We propose a new simple approach for image compression: instead of storing the RGB values for each pixel of an image, we store the weights of a neural network overfitted to the image. Specifically, to encode an image, we fit it with an MLP which maps pixel locations to RGB values. We then quantize and store the weights of this MLP as a code for the image. To decode the image, we simply evaluate the MLP at every pixel location. We found that this simple approach outperforms JPEG at low bit-rates, even without entropy coding or learning a distribution over weights. While our framework is not yet competitive with state of the art compression methods, we show that it has various attractive properties which could make it a viable alternative to other neural data compression approaches.

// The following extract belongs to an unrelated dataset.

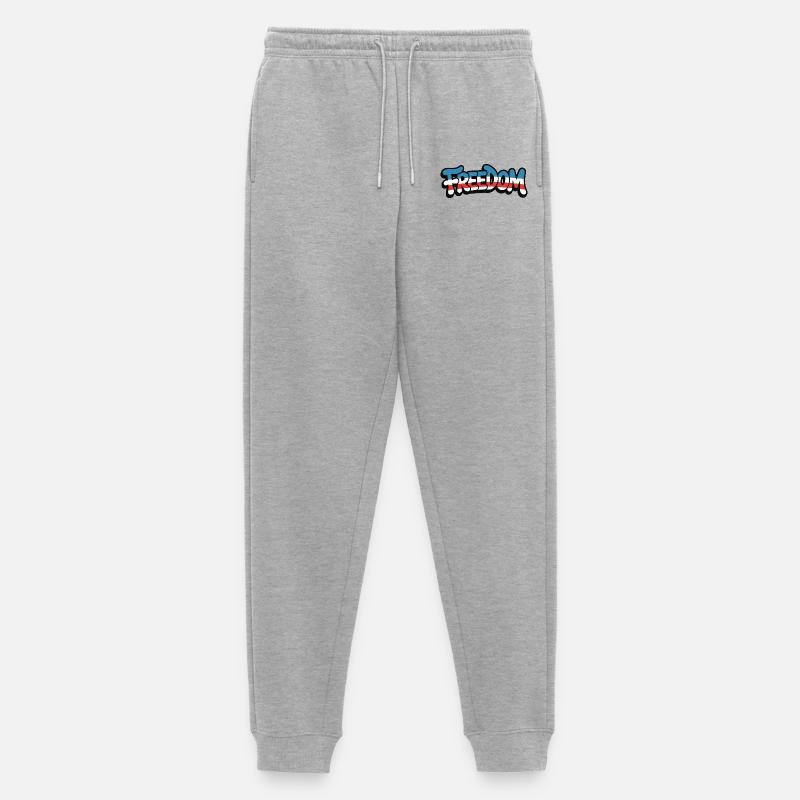Freedom Typografie Statement Design - Männer Premium Bio Jogginghose - Grau meliert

Amortized Monte Carlo Integration

Current approaches to amortizing Bayesian inference focus solely on approximating the posterior distribution. Typically, this approximation is, in turn, used to calculate expectations for one or more target functions - a computational pipeline which is inefficient when the target function(s) are known upfront. In this paper, we address this inefficiency by introducing AMCI, a method for amortizing Monte Carlo integration directly. AMCI operates similarly to amortized inference but produces three distinct amortized proposals, each tailored to a different component of the overall expectation calculation. At runtime, samples are produced separately from each amortized proposal, before being combined to an overall estimate of the expectation. We show that while existing approaches are fundamentally limited in the level of accuracy they can achieve, AMCI can theoretically produce arbitrarily small errors for any integrable target function using only a single sample from each proposal at runtime. We further show that it is able to empirically outperform the theoretically optimal self-normalized importance sampler on a number of example problems. Furthermore, AMCI allows not only for amortizing over datasets but also amortizing over target functions.